• What you will do: After finding the line with "english verbs timeline" in the entries below, retype exactly each line from there through the line with "Pressure transmission set-up.", including that final line.

• Given data:
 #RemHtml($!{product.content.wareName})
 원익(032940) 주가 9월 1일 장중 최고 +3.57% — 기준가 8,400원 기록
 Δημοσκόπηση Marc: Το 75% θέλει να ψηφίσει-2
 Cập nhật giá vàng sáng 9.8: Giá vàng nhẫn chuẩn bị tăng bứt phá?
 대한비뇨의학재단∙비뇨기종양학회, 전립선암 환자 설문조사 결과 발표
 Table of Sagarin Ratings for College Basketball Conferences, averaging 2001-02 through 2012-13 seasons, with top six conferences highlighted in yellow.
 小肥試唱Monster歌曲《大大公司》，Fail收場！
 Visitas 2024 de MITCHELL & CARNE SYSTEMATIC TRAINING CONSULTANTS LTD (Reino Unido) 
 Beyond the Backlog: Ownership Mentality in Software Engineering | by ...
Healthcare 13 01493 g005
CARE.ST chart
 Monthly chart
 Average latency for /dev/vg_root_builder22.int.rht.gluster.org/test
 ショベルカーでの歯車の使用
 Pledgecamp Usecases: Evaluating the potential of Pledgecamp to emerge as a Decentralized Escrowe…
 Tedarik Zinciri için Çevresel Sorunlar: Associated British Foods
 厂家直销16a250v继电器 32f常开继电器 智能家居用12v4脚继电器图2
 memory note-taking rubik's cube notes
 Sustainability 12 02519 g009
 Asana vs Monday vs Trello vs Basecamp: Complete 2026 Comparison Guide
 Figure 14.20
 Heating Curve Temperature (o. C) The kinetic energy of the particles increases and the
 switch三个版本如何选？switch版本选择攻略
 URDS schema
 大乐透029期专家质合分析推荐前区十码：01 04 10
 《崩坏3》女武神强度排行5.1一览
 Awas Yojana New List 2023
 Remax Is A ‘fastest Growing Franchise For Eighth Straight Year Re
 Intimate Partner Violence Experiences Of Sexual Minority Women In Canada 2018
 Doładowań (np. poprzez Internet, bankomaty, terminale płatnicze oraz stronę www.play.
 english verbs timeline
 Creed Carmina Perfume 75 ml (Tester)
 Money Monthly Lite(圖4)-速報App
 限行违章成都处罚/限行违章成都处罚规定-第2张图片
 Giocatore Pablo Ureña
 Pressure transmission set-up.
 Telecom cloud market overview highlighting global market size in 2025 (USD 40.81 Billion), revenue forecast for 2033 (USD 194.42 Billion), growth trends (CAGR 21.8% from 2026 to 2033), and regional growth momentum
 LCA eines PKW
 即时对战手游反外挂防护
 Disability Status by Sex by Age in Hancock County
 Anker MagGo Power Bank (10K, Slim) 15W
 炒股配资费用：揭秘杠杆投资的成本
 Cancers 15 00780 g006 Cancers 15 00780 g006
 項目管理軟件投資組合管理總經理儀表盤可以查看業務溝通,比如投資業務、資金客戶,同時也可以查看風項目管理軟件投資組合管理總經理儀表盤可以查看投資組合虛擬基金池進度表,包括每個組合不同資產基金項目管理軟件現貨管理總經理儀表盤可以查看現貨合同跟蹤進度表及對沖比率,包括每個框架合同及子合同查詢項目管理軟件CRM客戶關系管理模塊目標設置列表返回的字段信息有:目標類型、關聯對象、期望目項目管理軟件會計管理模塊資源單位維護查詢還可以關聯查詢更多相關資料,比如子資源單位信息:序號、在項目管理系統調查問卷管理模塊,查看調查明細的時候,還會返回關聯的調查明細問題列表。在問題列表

• Exercise response:
 english verbs timeline
 Creed Carmina Perfume 75 ml (Tester)
 Money Monthly Lite(圖4)-速報App
 限行违章成都处罚/限行违章成都处罚规定-第2张图片
 Giocatore Pablo Ureña
 Pressure transmission set-up.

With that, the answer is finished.